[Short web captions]
════

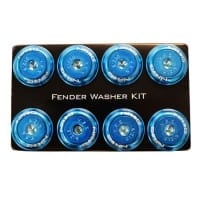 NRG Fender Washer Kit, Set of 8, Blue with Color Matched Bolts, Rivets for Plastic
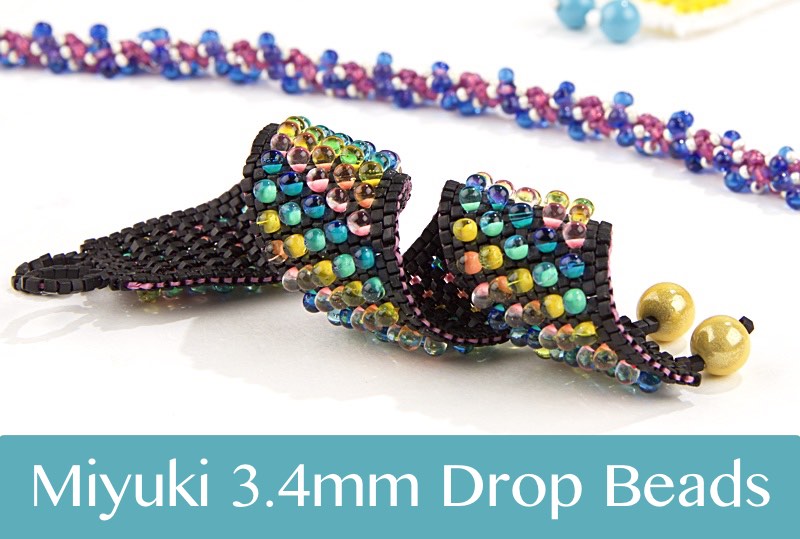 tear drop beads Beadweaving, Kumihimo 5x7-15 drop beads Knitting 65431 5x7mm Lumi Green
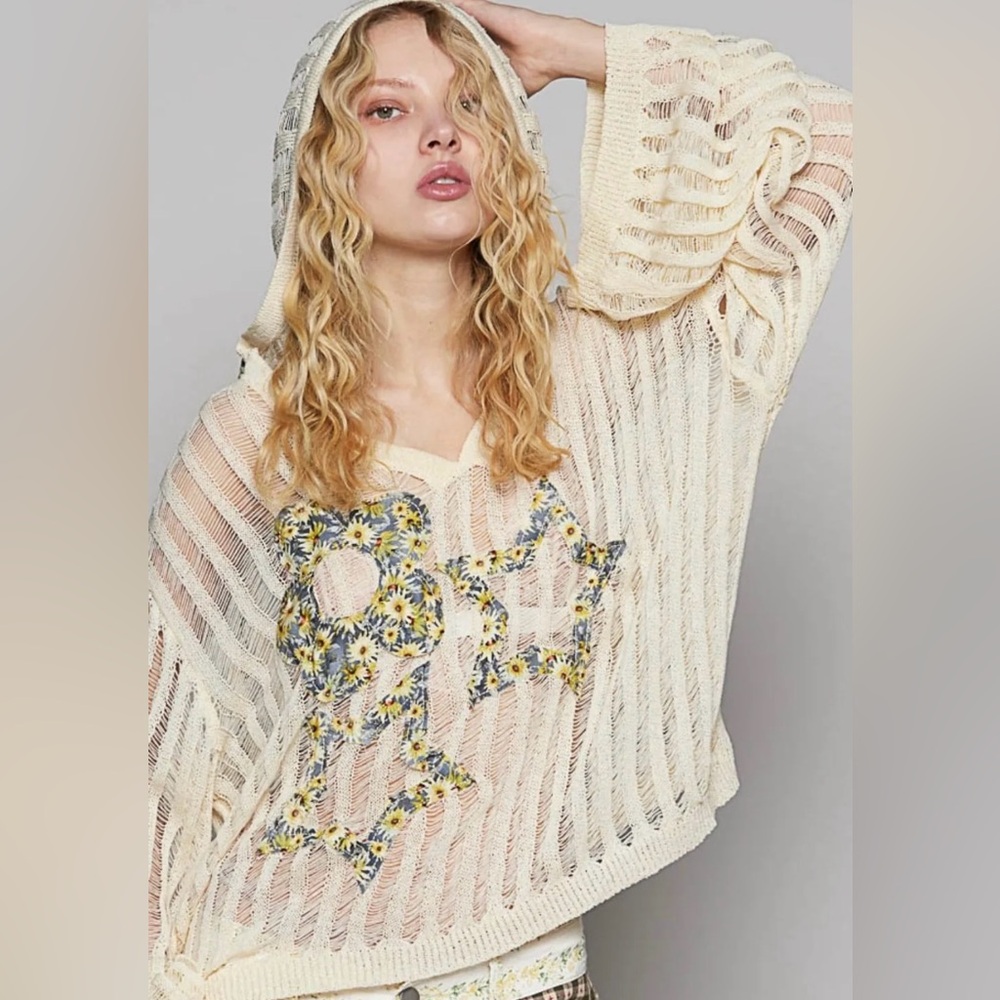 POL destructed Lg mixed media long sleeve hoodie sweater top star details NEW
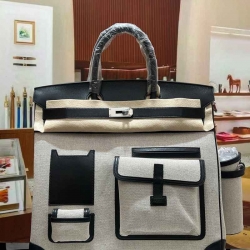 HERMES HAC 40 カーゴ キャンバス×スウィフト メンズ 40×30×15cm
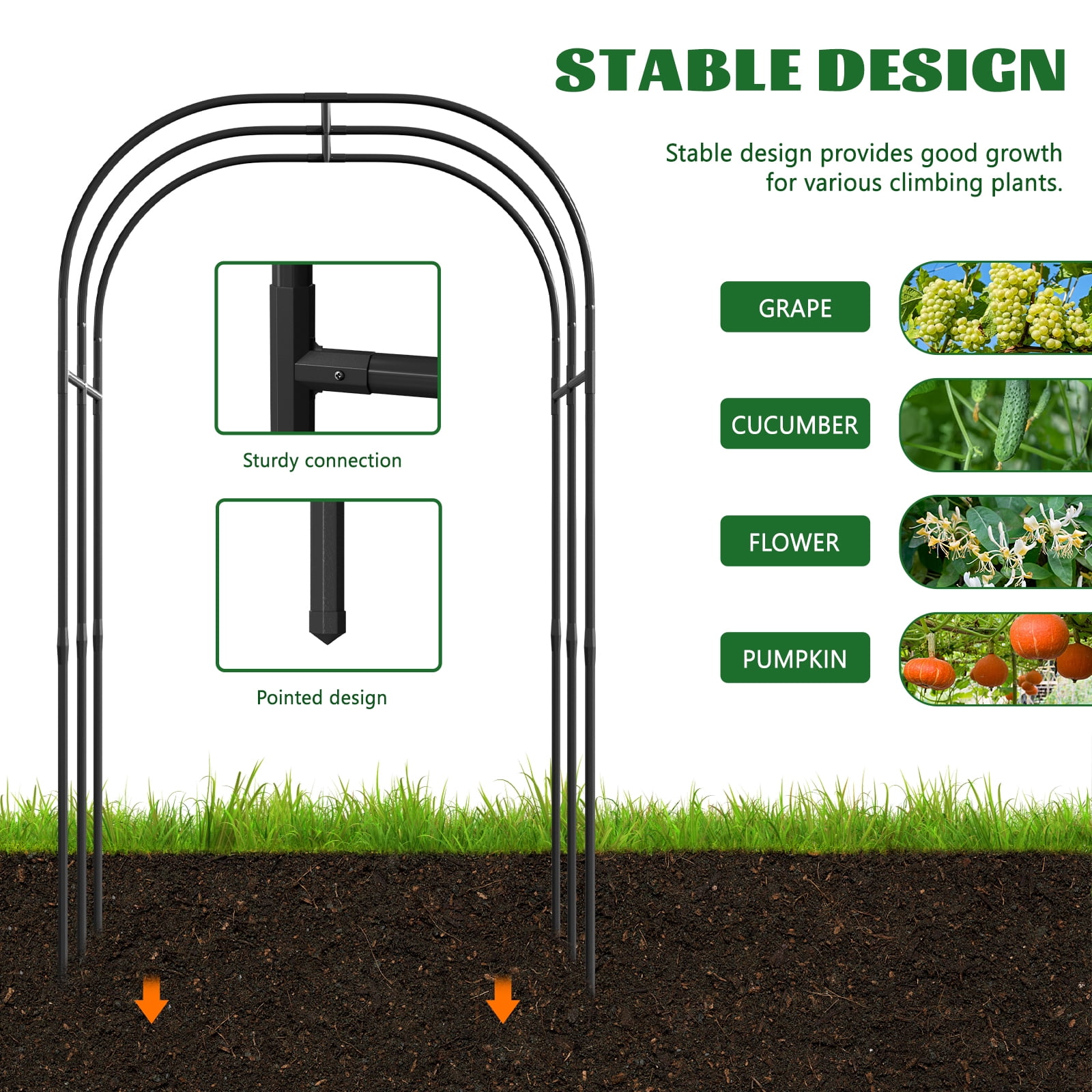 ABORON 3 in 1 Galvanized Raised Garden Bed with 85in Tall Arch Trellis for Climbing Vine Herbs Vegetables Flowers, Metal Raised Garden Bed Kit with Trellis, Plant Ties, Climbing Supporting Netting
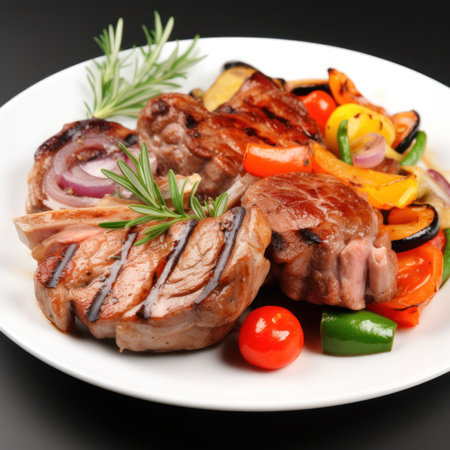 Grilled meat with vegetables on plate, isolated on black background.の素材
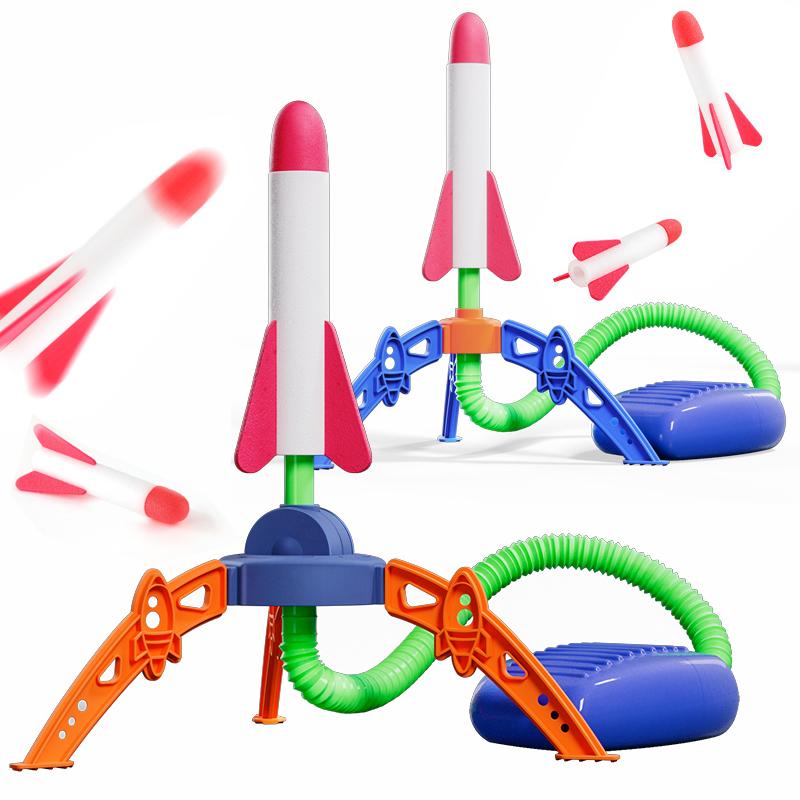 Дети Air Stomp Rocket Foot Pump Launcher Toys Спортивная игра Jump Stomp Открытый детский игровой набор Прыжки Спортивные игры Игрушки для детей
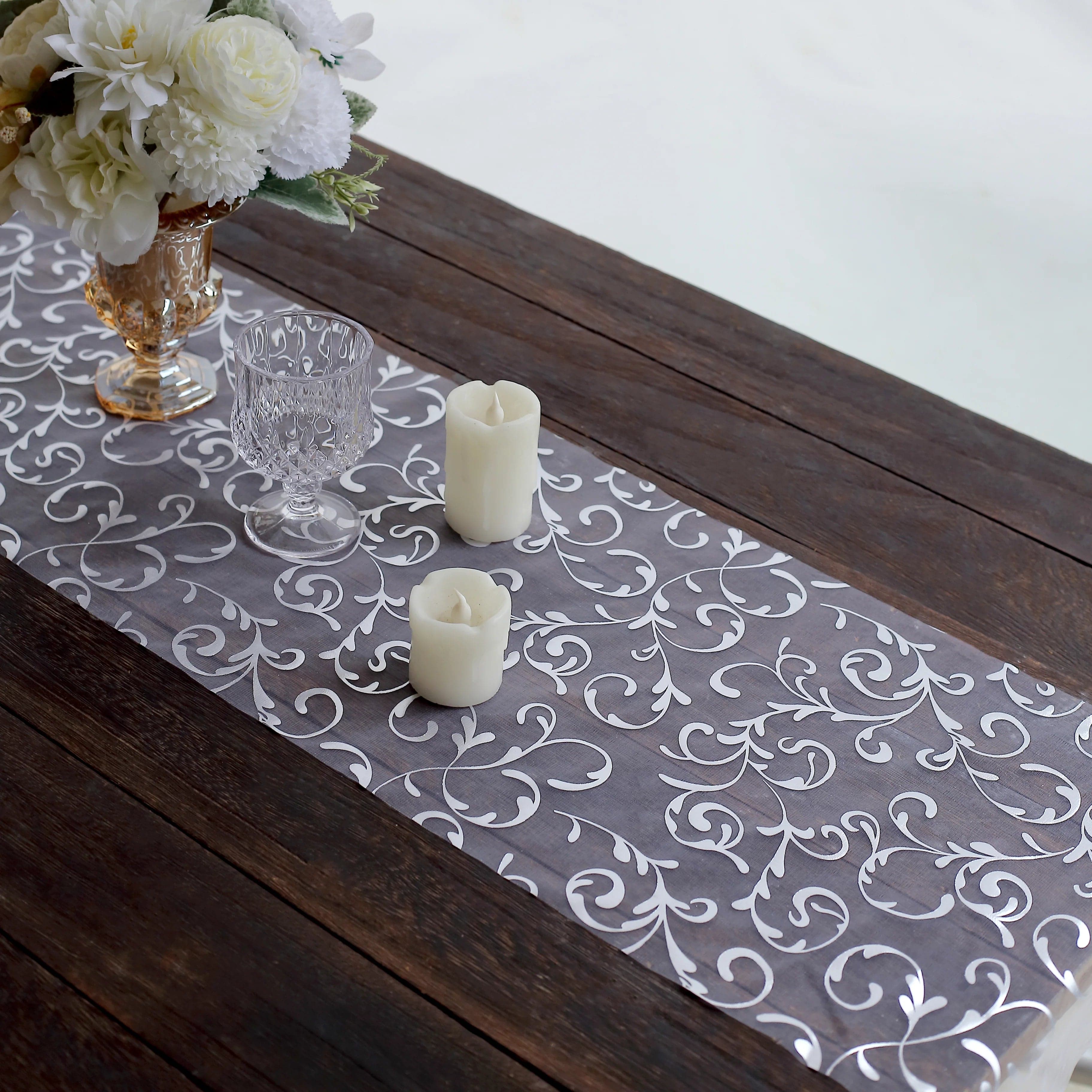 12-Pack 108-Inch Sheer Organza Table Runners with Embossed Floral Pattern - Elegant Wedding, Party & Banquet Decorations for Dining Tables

════

▸ To do
Repeat every record above exactly. The pictures do not belong in the copy.

▸ Answer box
 NRG Fender Washer Kit, Set of 8, Blue with Color Matched Bolts, Rivets for Plastic
 tear drop beads Beadweaving, Kumihimo 5x7-15 drop beads Knitting 65431 5x7mm Lumi Green
 POL destructed Lg mixed media long sleeve hoodie sweater top star details NEW
 HERMES HAC 40 カーゴ キャンバス×スウィフト メンズ 40×30×15cm
 ABORON 3 in 1 Galvanized Raised Garden Bed with 85in Tall Arch Trellis for Climbing Vine Herbs Vegetables Flowers, Metal Raised Garden Bed Kit with Trellis, Plant Ties, Climbing Supporting Netting
 Grilled meat with vegetables on plate, isolated on black background.の素材
 Дети Air Stomp Rocket Foot Pump Launcher Toys Спортивная игра Jump Stomp Открытый детский игровой набор Прыжки Спортивные игры Игрушки для детей
 12-Pack 108-Inch Sheer Organza Table Runners with Embossed Floral Pattern - Elegant Wedding, Party & Banquet Decorations for Dining Tables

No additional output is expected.